The best information I could find on these online comes from a blog on the Hammer Museum website:

"Leather postcards came into being in 1903. They were made out of deer hide. Images were burned and inked into them. These postcards were novelties: sent to relatives and laced together as pillow coverings or wall hangings. Successful cards tended to be based on period stereotypes and play with puns.

"The leather postcards ... didn’t last long. Unlike current postcards, which have space for private messages, leather postcards had only space for address, postmark, and stamp. If you attempted to squeeze a personalized message, it was considered a letter and cost more. How much more seemed to confuse folks."

As one might think, the leather postcard also was gumming up sorting machines for the U.S. Postal Service, which banned their use in 1907, according to the museum blog. But, they continued to sell in novelty shops until about 1915.

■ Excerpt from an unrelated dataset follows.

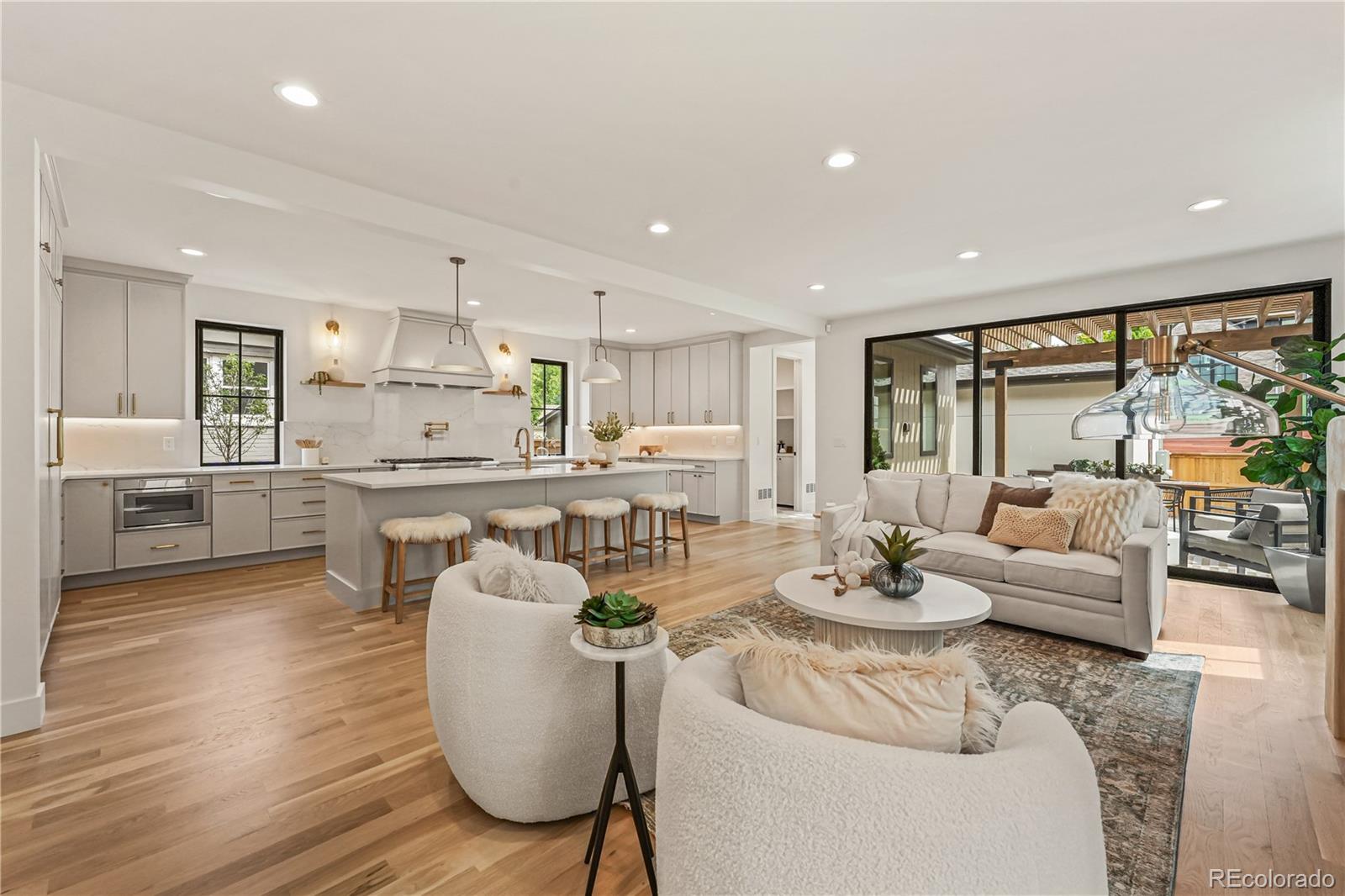 MLS Image #13 for 678 s vine street,denver, Colorado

So, from this you can fairly easily date one, if there is no cancellation stamp on it. Mine was sent by a young woman named Jane to her friend, Miss Elsie Cebernick, in Hamilton, Ohio. I may never know who Jane was, but she obviously was a VWHS Girl and didn't want to be forgotten. How they knew each other is a mystery, as I did not find the Cebernick name in Van Wert County at all. Another mystery is exactly when this was mailed. I thought at first it was dated 1906, but looking at an enlarged image, the top cancellation looks like it says 1908.

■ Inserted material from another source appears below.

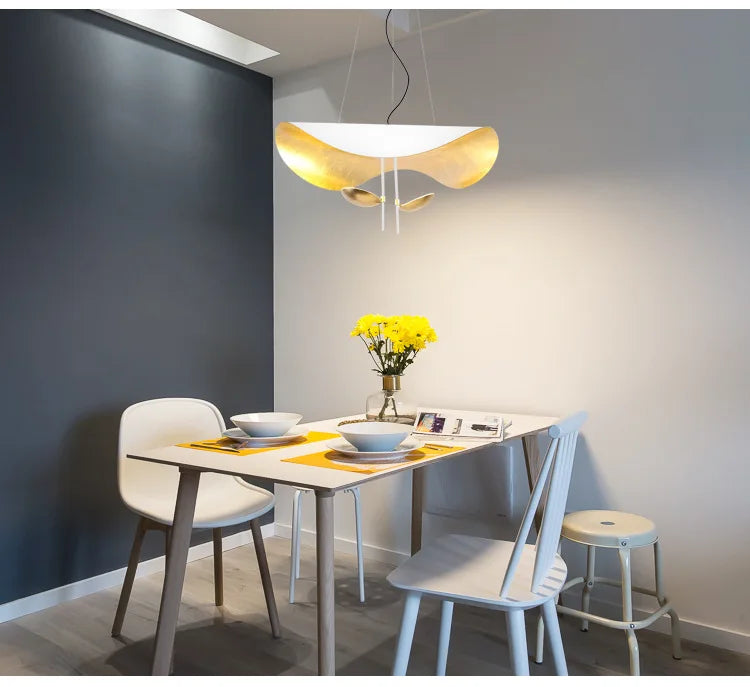 Plafonnier LED noir et dorée - Style raie manta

Elsie, on the other hand, was fairly easy to find. In the 1910 census, she is 21 years old, teaching in the public schools. and living at the same address as on the card. She is there with her mother, Rose, 46; brother, Earl, 19, who is an apprentice working for an architect; her uncle, William Haller, 51. Rose and William's sister, Lillie, 40, also is living in the home. William, a widower, is working as a pottery maker in a factory.

A quick search on Google maps, and here is a nice photo of the house the Hallers and Cebernicks were sharing, at right.

I love the 1910 census because it asks how long a couple has been married and how many children a woman has had, along with how many are still living. Sadly, Rose appears to have had three children, but only Elsie and Earl survive. The census states that she's married and has been for 25 years. I have a feeling they were estranged.

There is a Charles Cebernick living in the Lakeview Hotel in 1900. The next time he shows up, he is in a boarding house in Canton, Ohio. I'm willing to guess he is the husband; there are almost no other Cebernicks in the U.S., according to my search on Ancestry. Only one family tree lists anyone in the family, Earl, and it says Charles is his father, but it's not well-documented.

Rose Cebernick died in 1915 and is buried in Greenwood Cemetery in Butler County. William and Lillie also are buried there, having died in 1916 and 1939, respectively. According to FindAGrave.com, their parents were Martin and Anna, and they had at least two other brothers, Jacob and Albert. Mother Anna and Albert died a day apart in 1877; it'd be a safe bet she died in childbirth and he shortly thereafter.

Earl legally changed his last name to Carleton and married Gertrude "Grace" Markland. They had two daughters, Judith Ann and Dorothea "Dossie."

Emily married Louis H. Frechtling, a 1903 graduate of the University of Illinois College of Medicine, in1912. In 1919, he became the first industrial physician at the Champion Coated Papers in Hamilton.

They had two children, Louis Earl and Jean Rose. Louis Earl married Mary Louise Porch; they are both interred in Arlington National Cemetery. Louis served in the U.S. Navy from 1943-73, according to FindAGrave. However, he apparently was a top official for many years in the State Department, serving in the 1960s as director of International Administration. He appears to have written several books on foreign policy before his death in 2000.

Who knew a little leather postcard could unveil such a fascinating family history?